- WORK INSTRUCTIONS -
Your answer must be the exact lines of the listing below that run from the line with "Mosiso MacBook Air" to the line with "2000 HINO FB 4J SERIES TRUCK MANUAL TIPPER", ends included, and no pictures.

- RECORDED INFORMATION -
╔══

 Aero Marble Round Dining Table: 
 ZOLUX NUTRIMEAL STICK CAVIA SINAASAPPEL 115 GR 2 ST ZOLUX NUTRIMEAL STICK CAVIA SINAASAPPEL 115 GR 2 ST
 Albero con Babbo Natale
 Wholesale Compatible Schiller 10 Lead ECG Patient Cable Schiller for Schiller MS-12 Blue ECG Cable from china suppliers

╚══
╔══

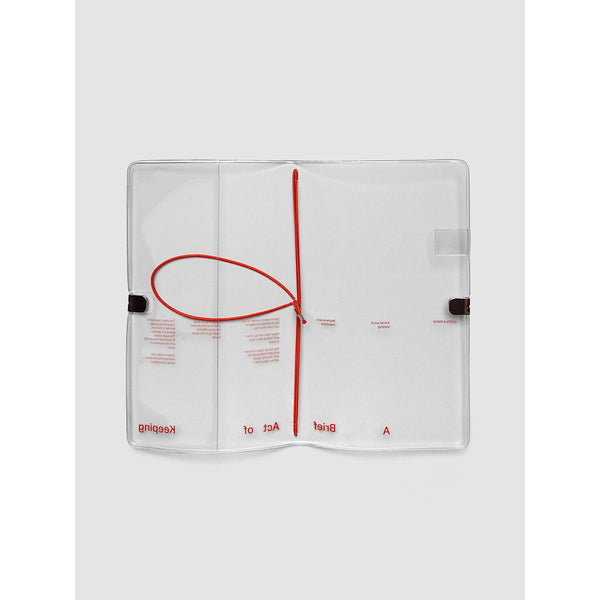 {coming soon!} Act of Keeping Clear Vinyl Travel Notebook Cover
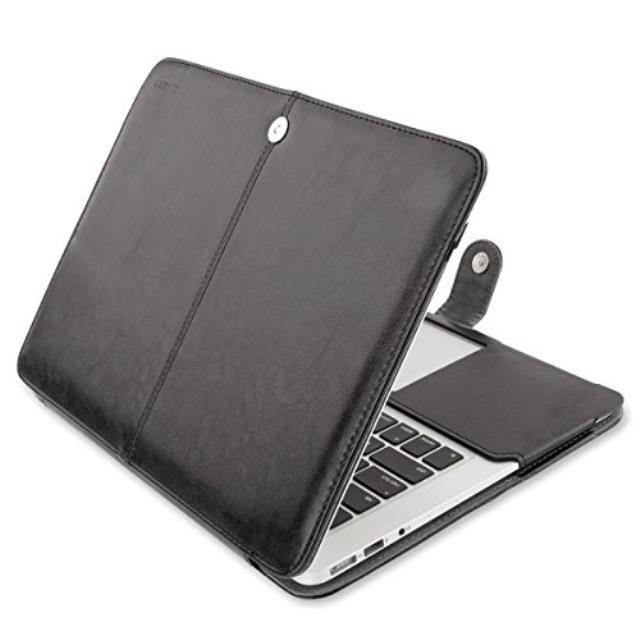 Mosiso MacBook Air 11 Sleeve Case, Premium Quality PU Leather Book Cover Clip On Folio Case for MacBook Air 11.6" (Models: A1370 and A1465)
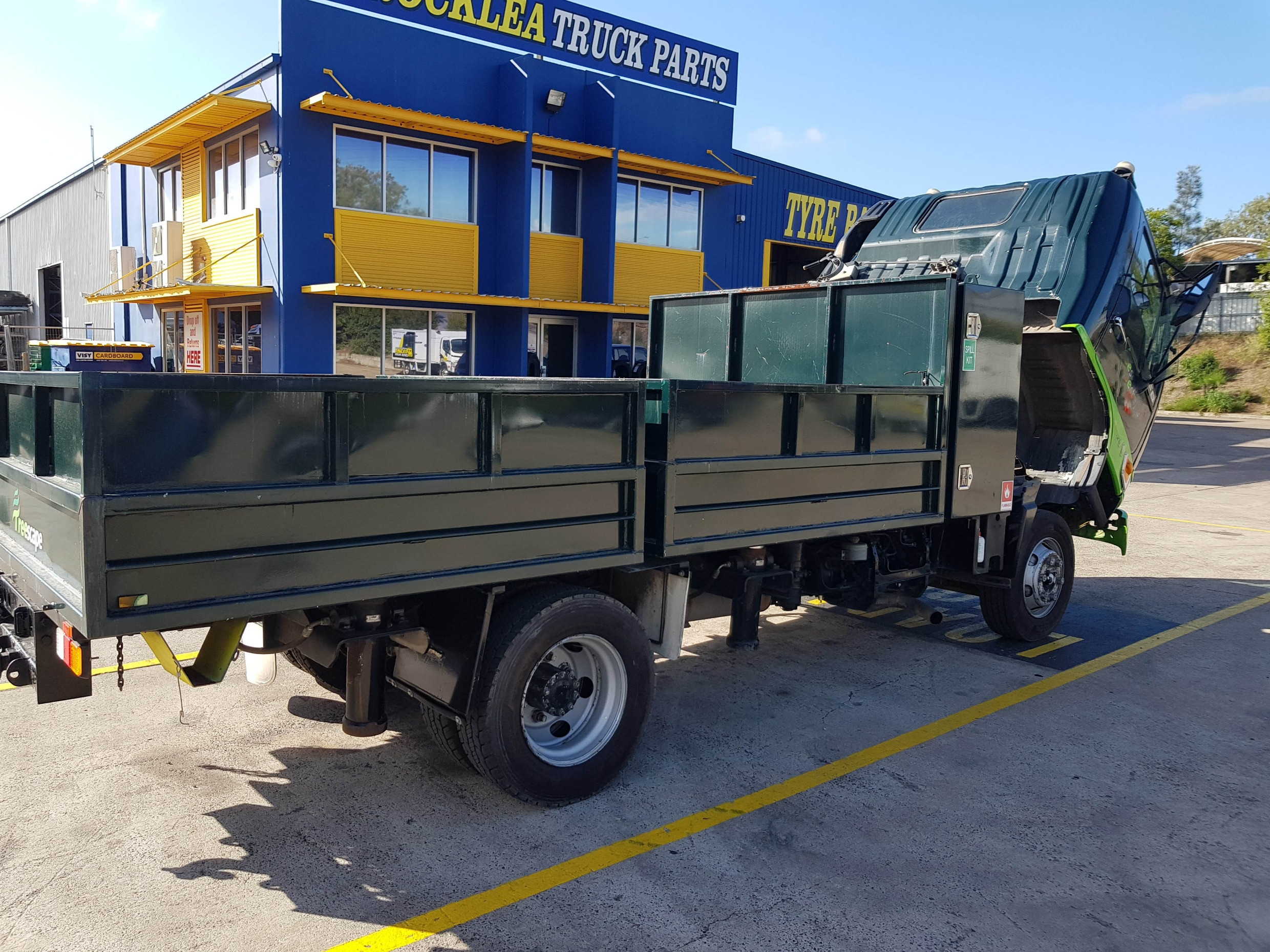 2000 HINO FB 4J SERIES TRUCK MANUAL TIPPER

╚══

- REPLY TO THE TASK -
 Mosiso MacBook Air 11 Sleeve Case, Premium Quality PU Leather Book Cover Clip On Folio Case for MacBook Air 11.6" (Models: A1370 and A1465)
 2000 HINO FB 4J SERIES TRUCK MANUAL TIPPER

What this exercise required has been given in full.